In Europa, la gestione non corretta dei rifiuti elettrici ed elettronici (RAEE) riguarda una quantità 10 volte superiore a quella spedita verso Paesi stranieri senza regolari documenti di esportazione: questo è quanto emerge da una ricerca sistematica – durata circa 2 anni – sul funzionamento del mercato delle apparecchiature elettriche ed elettroniche usate e dismesse.

Il progetto Countering WEEE Illegal Trade (CWIT), finanziato dalla Comunità Europea, è stato realizzato da INTERPOL, United Nations University (UNU), gli istituti United Nations Interregional Crime and Justice Research eCompliance & Risks, il WEEE Forum, l’associazione Cross-Border Research e la società Zanasi & Partners.

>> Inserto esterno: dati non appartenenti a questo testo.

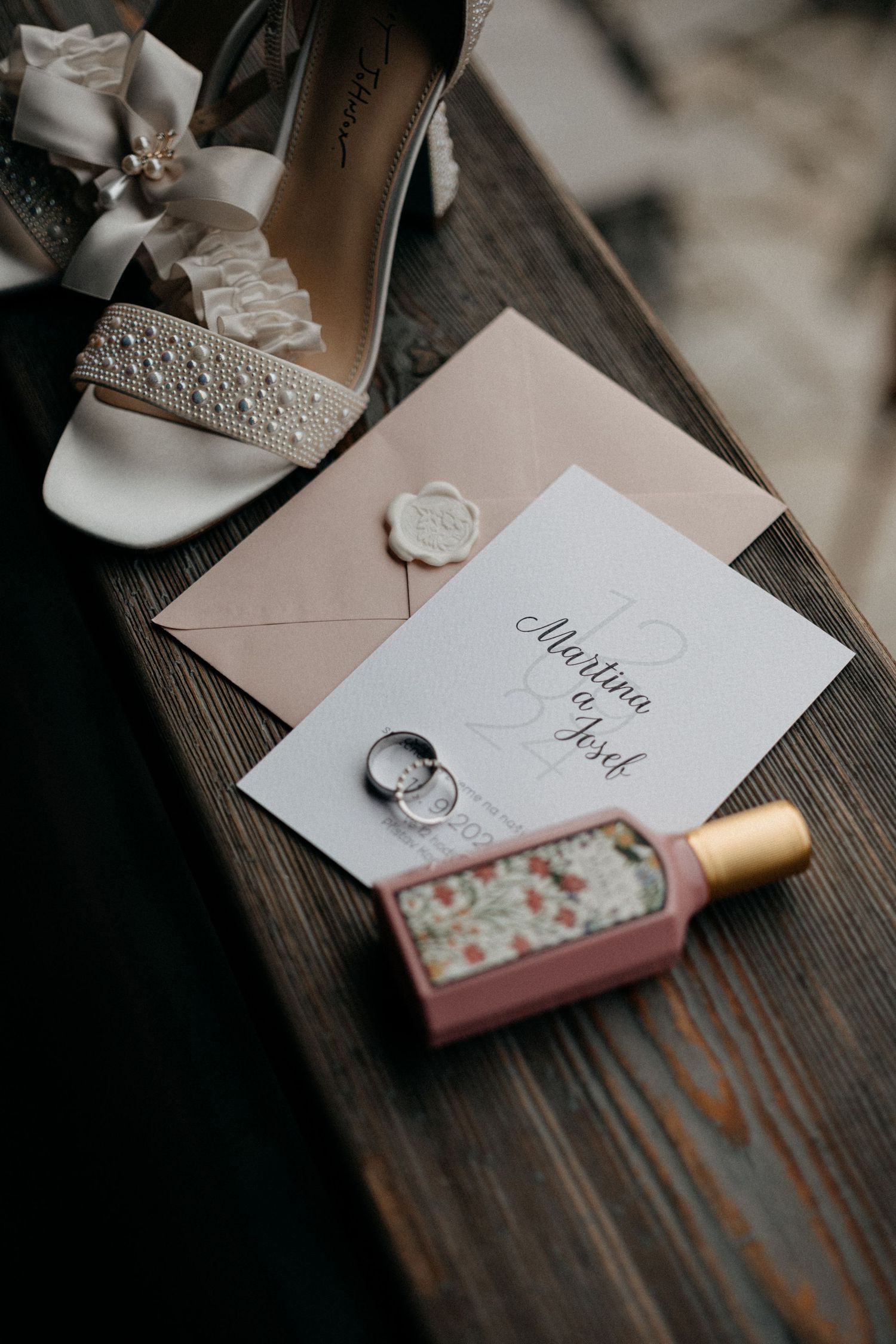 Wedding stationery and rings arranged artistically on rustic wooden surface in sepia tones.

Il progetto ha evidenziato che nel 2012 in Europa solo il 35% (pari a 3,3 milioni di tonnellate, sui 9,5 milioni totali) di RAEE (Rifiuti di Apparecchiature Elettriche ed Elettroniche – in alcuni casi ancora funzionanti) dismessi da aziende o da privati sono stati intercettati dai sistemi ufficiali di raccolta e riciclo.

L’altro 65% dei RAEE – pari a 6,2 milioni di tonnellate – è stato esportato oppure riciclato in modo ambientalmente scorretto oppure semplicemente gettato tra i rifiuti indifferenziati. 

Lo studio ha stimato che 1,3 milioni di tonnellate di apparecchiature elettriche ed elettroniche sono state spedite al di fuori dell’Europa senza adeguati documenti di esportazione: di queste, circa il 30 % (400.000 tonnellate) erano RAEE, il restante 70 % AEE ancora funzionanti.

Ma una quantità 10 volte superiore a quella dei RAEE esportati – cioè circa 4,7 milioni di tonnellate – è invece stata gestita in modo ambientalmente non corretto o commercializzata in modo illegale all’interno dell’Europa. Lo studio sottolinea inoltre come sistemi efficaci di monitoraggio delle performance di rimozione delle sostanze inquinanti e adeguati standard di trattamento dei RAEE non siano pienamente utilizzati neppure negli Stati Europei più avanzati dal punto di vista del controllo ambientale.

La diffusa sottrazione dai RAEE di componenti che hanno un significativo valore economico – come le schede elettroniche o i metalli più preziosi – si traduce in una seria perdita per l’industria legale del riciclo in Europa, stimata tra 800 e 1.700 milioni di euro all’anno.

Per contro, i minori costi derivanti dal mancato rispetto delle regole comunitarie (in particolare per quanto riguarda l’eliminazione delle sostanze inquinanti) oscillano tra 150 e 600 milioni di euro all’anno.

Afferma Pascal Leroy, Segretario Generale del WEEE Forum (l’associazione europea della quale fanno parte i principali sistemi collettivi che si occupano di RAEE): “I RAEE sono la tipologia di rifiuti con il più alto tasso di crescita in tutto il mondo. Il peso dei RAEE che ogni anno in Europa sono gestiti in modo ambientalmente non corretto è pari a quello di un muro di mattoni alto 10 metri che va da Oslo fino in fondo all’Italia. E’ indispensabile estrarre dai RAEE e riciclare nel modo più intenso possibile tutti i metalli e tutti i componenti economicamente interessanti, tra cui le materie prime critiche (come ad esempio le terre rare)”.

Uno studio di United Nations University effettuato lo scorso anno ha evidenziato che nei 41,8 milioni di tonnellate di RAEE che vengono buttati ogni anno nel mondo ci sono sostanze tossiche come piombo (circa 2,2 milioni di tonnellate), batterie (300.000 tonnellate), mercurio, cadmio, cromo e gas ozono-lesivi (CFC, circa 4.400 tonnellate). I potenziali problemi per la salute umana collegati a queste sostanze tossiche vanno dallo sviluppo mentale, al cancro, ai danni epatici e renali.